Entrevista ao Conselho de Administração da Lotaçor

Entrevista conjunta do Conselho de Administração da Lotaçor constituído pela Presidente Catarina Martins e pelos Vogais, Simão Neves e Nuno Rodrigues

Quais são as suas prioridades enquanto Presidente da Lotaçor num ano em que a empresa pública completa 40 anos da sua criação?
 Para o Conselho de Administração que agora iniciou funções, a Lotaçor é o pólo de desenvolvimento harmonioso da fileira, cumprindo o seu papel histórico e aproveitando a experiência dos seus recursos para criar as melhores condições para a produção, comercialização e transformação, e ajudar a valorizar mais o pescado dos Açores, orientados sempre pelos objetivos globais de desenvolvimento sustentável.
Nesta Missão do projeto 2021-2023 estão resumidas as prioridades desta Administração: pessoas, centralidade, transversalidade, cooperação e desenvolvimento da Fileira do Pescado dos Açores.
Só o desenvolvimento da Fileira do Pescado dos Açores possibilitará melhorar o rendimento de todos os intervenientes na mesma.
No fundo o interesse base de todos na fileira “É contribuir todos os dias para valorizar o pescado”.
Aqui aproveitamos para salientar que é muito importante que se trabalhe em valorizar o pescado e não na sua “valorização”.
A palavra “valorização” tem sido muito associada ao preço do pescado e isto é um conceito errado, em nossa opinião.

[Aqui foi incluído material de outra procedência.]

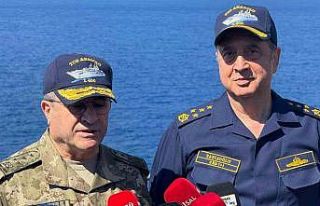 DENİZKURDU-I/2025 Tatbikatının Seçkin Gözlemci...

Valorizar algo é rentabilizar ao máximo a sua utilização, por exemplo aproveitando partes do peixe que hoje não são aproveitadas mas que se paga para destruir, dando novas utilizações ao pescado, desenvolvendo novas formas de o consumir, diminuindo as naturais percas das suas características e qualidades entre o momento em que sai do seu habitat natural, o oceano, e é consumido, melhorando as condições da cadeia de frio em todos os momentos em que o pescado passa do mar até chegar ao prato de quem o consome, ensinando as pessoas as melhores práticas.
Daí que concordamos com algo que lemos numa recente crónica no vosso jornal, “é preciso perceber para se conseguir valorizar”.

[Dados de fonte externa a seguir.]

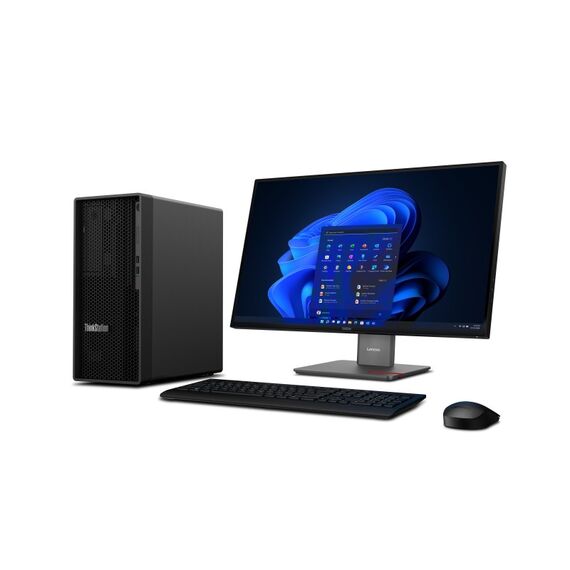 Lenovo ThinkStation P2 Tower Gen 2 Intel Core Ultra 7 265K 32 GB DDR5-SDRAM 512 GB SSD Windows 11 Pro Arbeitsstation Schwarz, 3 image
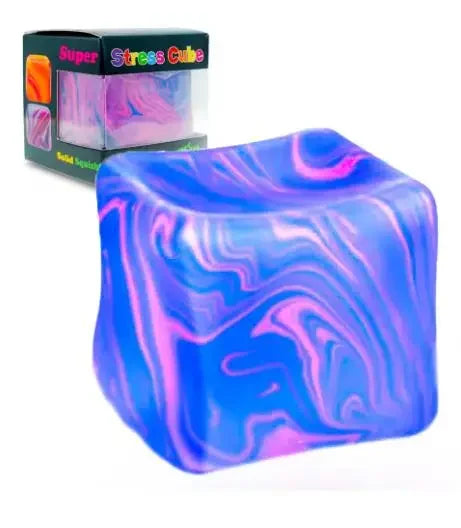 Squishy Cube Sensory Stress Toy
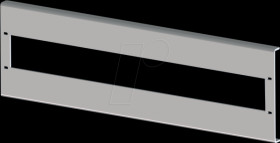 205-420-29 Touch protection 3HE, cut-out 408 x 46 mm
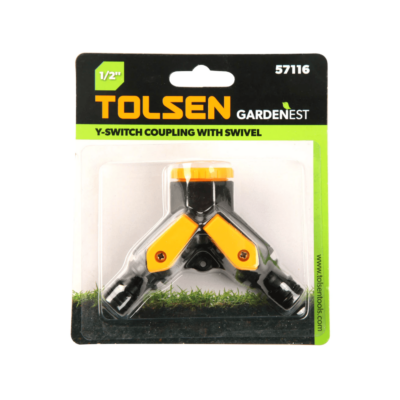 Tolsen Y- Switch Coupling w/ Swivel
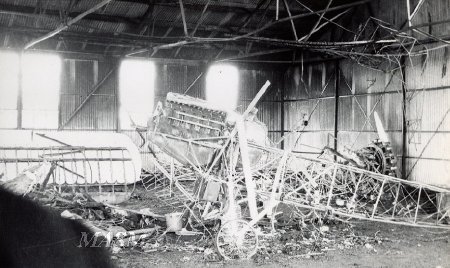 Skyways Hangar After Fire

É fácil o diálogo entre pescadores, armadores, comerciantes de pescado e a indústria de peixe?
Nunca é fácil o diálogo entre tantas entidades com interesses e especificidades tão diferentes, apesar de fazerem parte da mesma fileira.

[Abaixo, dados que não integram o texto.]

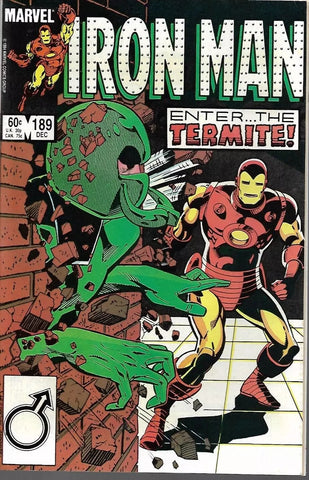 Iron Man #189 - Marvel Comics - 1984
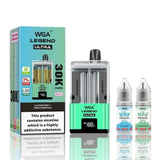 Buy WGA Crystal Legend Ultra 30K Vape Box of 5 online UK fast delivery VaperzHub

No entanto, o caminho é identificar e isolar os interesses comuns para trabalhá-los em conjunto, permitindo assim abrir circuitos de diálogo e estabelecer boas bases de relacionamento que depois se estendam para os restantes momentos.
 Neste aspeto, a Lotaçor é a entidade que através da sua centralidade, transversalidade, história e experiência diária, melhor se posiciona para ser a facilitadora e impulsionadora deste diálogo.
 Já começamos este trabalho, nomeadamente realizando uma reunião de início de mandato com a Federação das Pescas, com a APASA, com a Pão do Mar e com a ACPA, e tendo previstas reuniões específicas com todas as Associações durante as nossas visitas a cada ilha.
 
Há dias afirmou que, ao alienar-se 80% do capital da conserveira Santa Catarina, seria muito mais fácil a gestão da empresa pública Lotaçor. Quer explicar? Em que fase está o processo de alienação?
 O processo de alienação encontra-se exatamente na mesma fase em que foi deixado pela Administração e Governo Regional anterior, ou seja, na base que foi publicada na Resolução do Conselho do Governo n.º 74/2018 de 20 de junho de 2018, que previa a alienação de 80%.
Aliás esta é a informação que nos foi deixada na pasta de transição pela anterior Administração.  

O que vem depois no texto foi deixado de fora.